COCK deflates again quickly after sudden rise

On Wednesday I wrote here about the social media storm that had engulfed the current West End production of COCK, when tickets for the remaining weeks of the run were suddenly being advertised, through the show’s own box office, at up to £400 a ticket.

The producers Elliot Harper, in a statement to The Stage, cited supply and demand for the sudden price inflation. But it turned out that the sky isn’t the limit, after all; the limit is shame. And shamed by the very public denunciation of their price gouging tactics, they relented, bringing the price of those premium tickets down to “just” £125-£175, as The Guardian reported on Wednesday.

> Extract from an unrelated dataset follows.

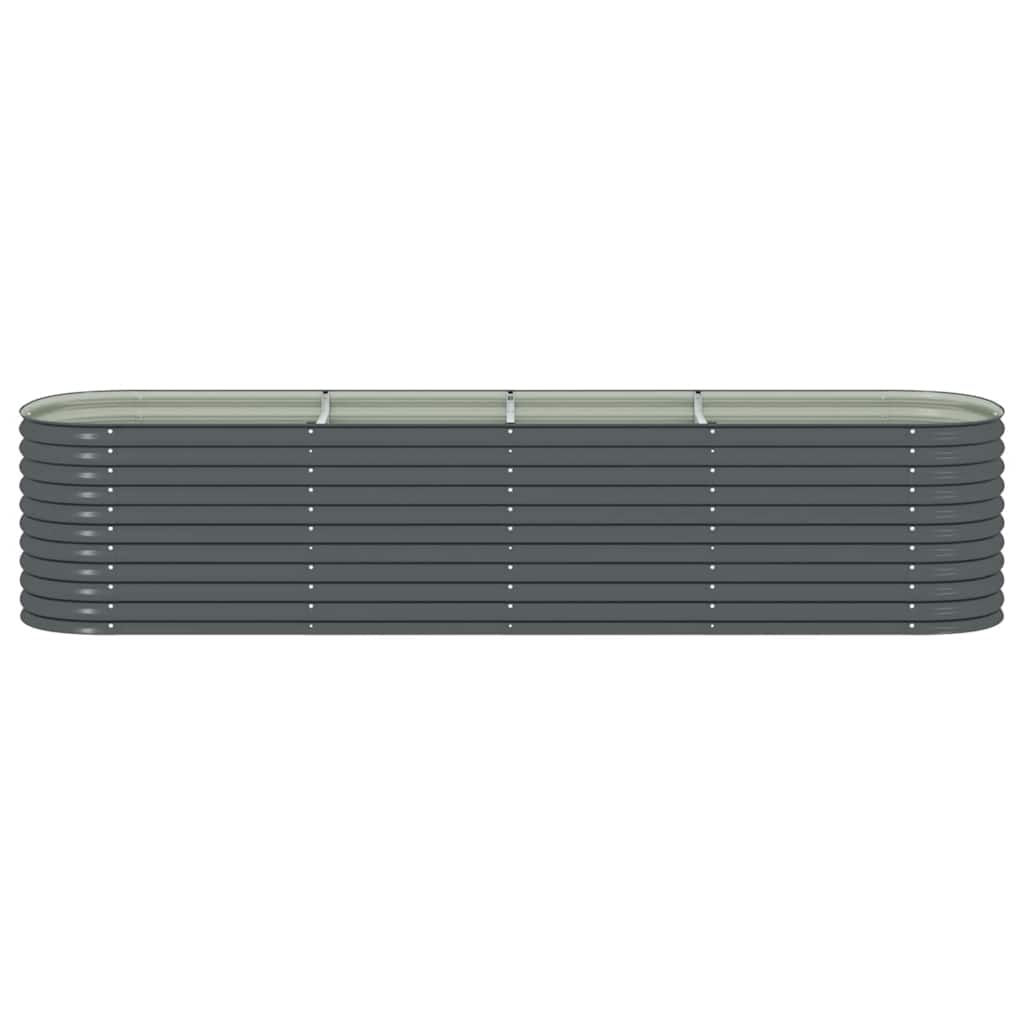 Vrtna sadilica od pocinčanog čelika 400 x 80 x 81 cm siva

Those prices are still essentially unaffordable to many, but at least they’re not totally insane.

Meanwhile, in New York — where Elliott Harper have transferred their London production of Sondheim’s COMPANY — Chris Harper got a more welcome public mention yesterday. At a talkback after the show on Tuesday, Patti LuPone publicly challenged a member of the audience who was defying the regulation to wear a mask over her nose and mouth: “Put your mask over your nose, that’s why you’re in the theater, That is the rule. If you don’t want to follow the rule, get the fuck out! Who do you think you are, that you do not respect the people sitting around you?” 

When the audience member shouted back, “I’m paying your wages!”LuPone in turn retorted:  “You pay my salary?” Bullshit. Chris Harper pays my salary.”

By yesterday, TodayTix had already mocked up a tee-shirt that proudly stated:

Partly, no doubt, with the inflated premium price tickets that he’s earned for COCK. For his part, Harper replied to LuPone’s outburst with this statement: “Over the course of her storied career, Patti has always had an unshakable bond with the audience, and she takes their role as seriously as her own. She is also a fierce advocate for the entire theatrical workforce. We stand with Patti and support her efforts to keep our entire community — from patrons to hers, cast to stage crew — safe and healthy so we can keep Broadway open.”